Diplomatiek gezien is de hele kwestie voor Rusland een voordeel, omdat zij het in zich heeft verdeeldheid onder de bondgenoten van Amerika te zaaien en dezen nog verder van Amerika te vervreemden. Dat is al aardig gelukt. In Duitsland zijn, zoals de Berlijnse correspondent van de Volkskrant het onlangs uitdrukte, de pacifisten ‘'s lands grootste meerderheid’, en die zijn natuurlijk tegen het Amerikaanse plan. Van de Duitsers vindt 48 procent Amerika een groter gevaar voor de wereldvrede dan Iran. In sommige andere Europese landen, Nederland bijvoorbeeld, zal dat niet veel anders zijn.
Maar laten we bij Duitsland, Europa's belangrijkste land, blijven. De regeringspartij SPD is openlijk tegen, maar minister van Buitenlandse Zaken Steinmeier, die tot die partij behoort, heeft ook een geloofwaardigheidsprobleem: hij was de adviseur voor buitenlandse zaken van Gerhard Schröder, de vorige bondskanselier, en die heeft vlak voor zijn aftreden in 2005 een akkoord met Rusland gesloten over een gasleiding door de Oostzee (Polen en de Baltische staten vermijdend), waarvoor hij beloond werd met een lucratieve positie in het Russische Gazprom.
Bondskanselier Merkel zit ook niet te springen om die nieuwe raketten, maar is er meer dan haar coalitiegenoot in geïnteresseerd Amerika te vriend te houden. Zij spreekt erover de hele kwestie onder de paraplu van de NAVO te brengen. Dat klinkt heel mooi, maar een gezelschap van 26 leden kan niet à la minute tot een beslissing komen, en dat is in geval van een raketaanval nodig.

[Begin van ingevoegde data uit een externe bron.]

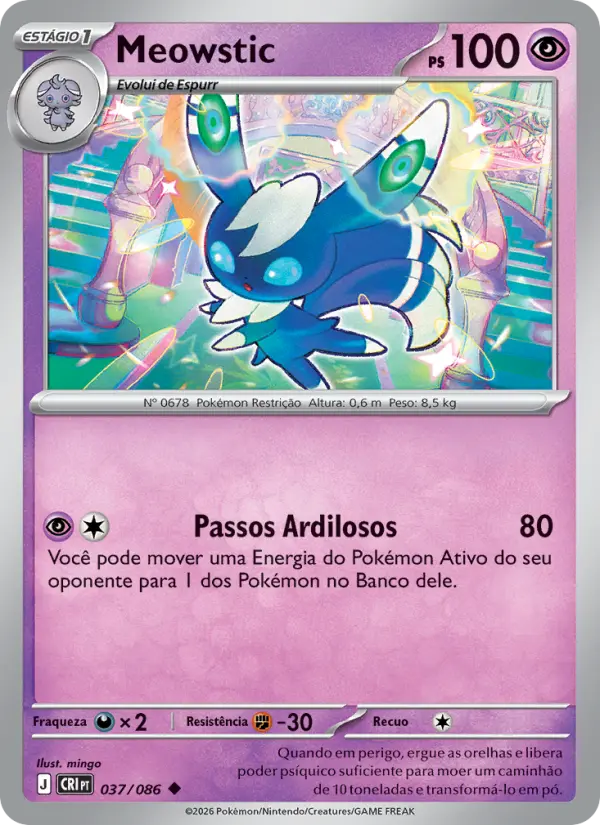 Meowstic — Caos Ascendente 037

Zo naderen wij de kern van de zaak: als Amerika het voor zijn eigen veiligheid nodig vindt die raketten en die afluisterapparatuur ergens in Europa te plaatsen én als het enkele Europese bondgenoten bereid vindt hun grondgebied daarvoor ter beschikking te stellen, dan zal het zich daarvan niet laten weerhouden door de NAVO of door een gespleten Duitse regering, laat staan door commentaren in de Europese pers. (Van massademonstraties, zoals in de jaren '80 tegen de toenmalige raketten, is nu nog geen sprake. Die hebben trouwens de Amerikanen toen ook niet op andere gedachten gebracht.)
De enige uitweg uit deze crisis lijkt een Amerikaans-Russisch akkoord. Dat is niet helemaal onmogelijk. Weliswaar heeft president Bush het verdrag van 1972 over de beperking van rakettenafweer in 2002 opgezegd, maar het Amerikaanse aanbod aan Moskou voor een gezamenlijk afweerproject is blijven bestaan, en Rusland heeft zijn antwoord daarop nog steeds open laten staan.
Zou zo'n akkoord er komen, dan zou dat over het hoofd van Europa en de NAVO gebeuren en hun verdere devaluatie betekenen. Bij u, over u en zonder u.